I updated my Keras container with the TF 1.5 RC, CUDA 9, and cuDNN 7 (https://github.com/minimaxir/keras-cntk-docker), but did not notice a significant speed increase on a K80 GPU (I'm unsure if Keras makes use of FP16 yet either).
The other two main features are: Eager execution and TensorFlow Lite
When eager execution is enabled, you no longer need to worry about graphs: operations are executed immediately. The upshot is that eager execution lets you implement dynamic models, like recursive NNs, using Python control flow.
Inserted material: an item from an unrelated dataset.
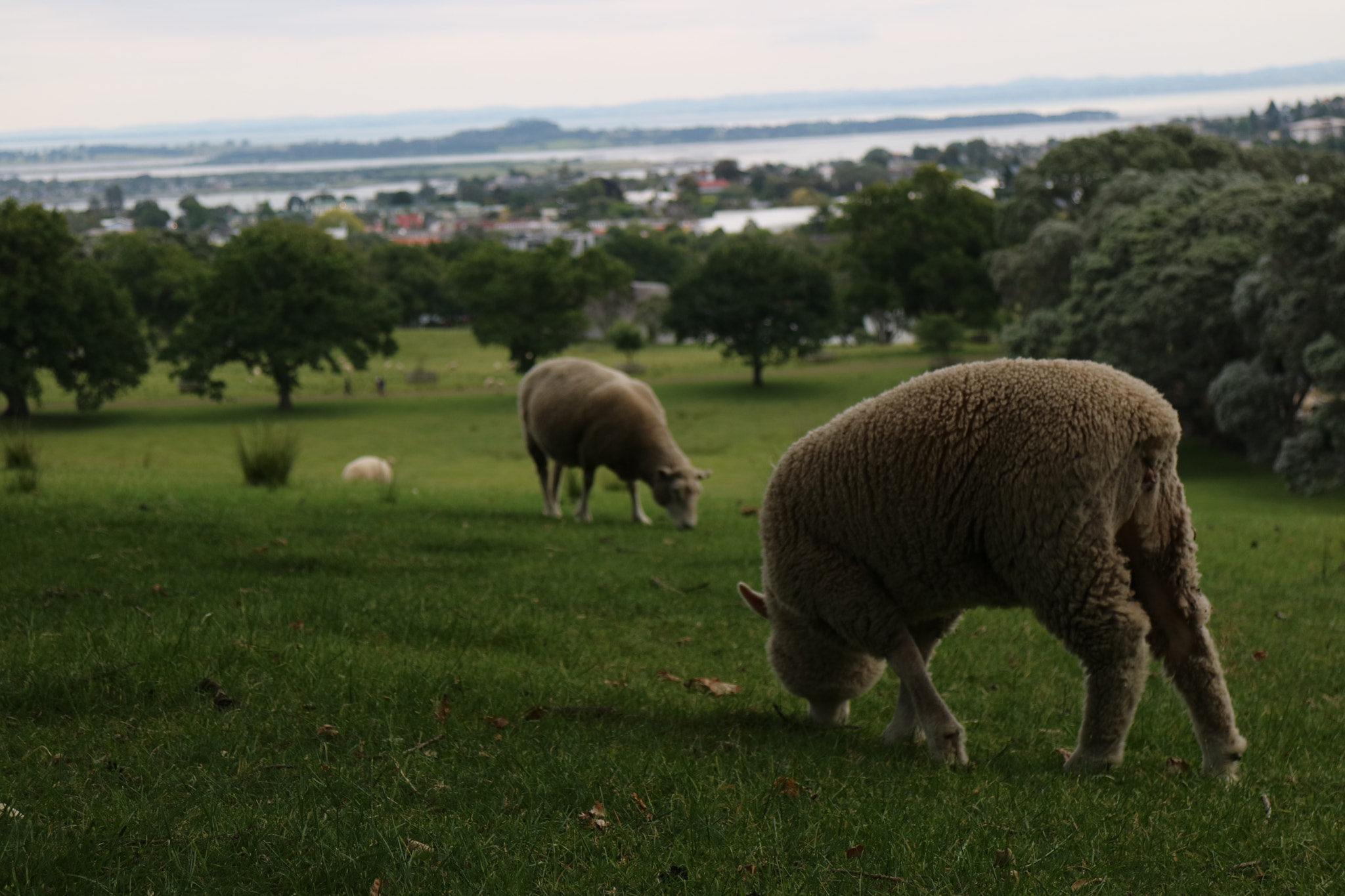 Canon EOS M3 sample photo. Sheep photography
We've published some example implementations of such models on Github:
https://github.com/tensorflow/tensorflow/tree/master/tensorf...
I'd be happy to answer other questions about eager execution, and feedback is welcome.
EDIT: Just because you don't have to worry about graphs doesn't mean that graph construction and eager execution aren't related; take a look at our research blog post for more information if you're curious about the ways in which they relate to each other (https://research.googleblog.com/2017/10/eager-execution-impe...).
I think I'm either going to change my workflow and use another OS or switch fully to PyTorch.
(I still used CUDA 8, but 9 should also work. You just need to find the version of the command line tools it works with)
(How good is openCL when it comes to this sort of stuff? Could they support it without crazy effort?)
I guess we never know what's running on our cloud instances.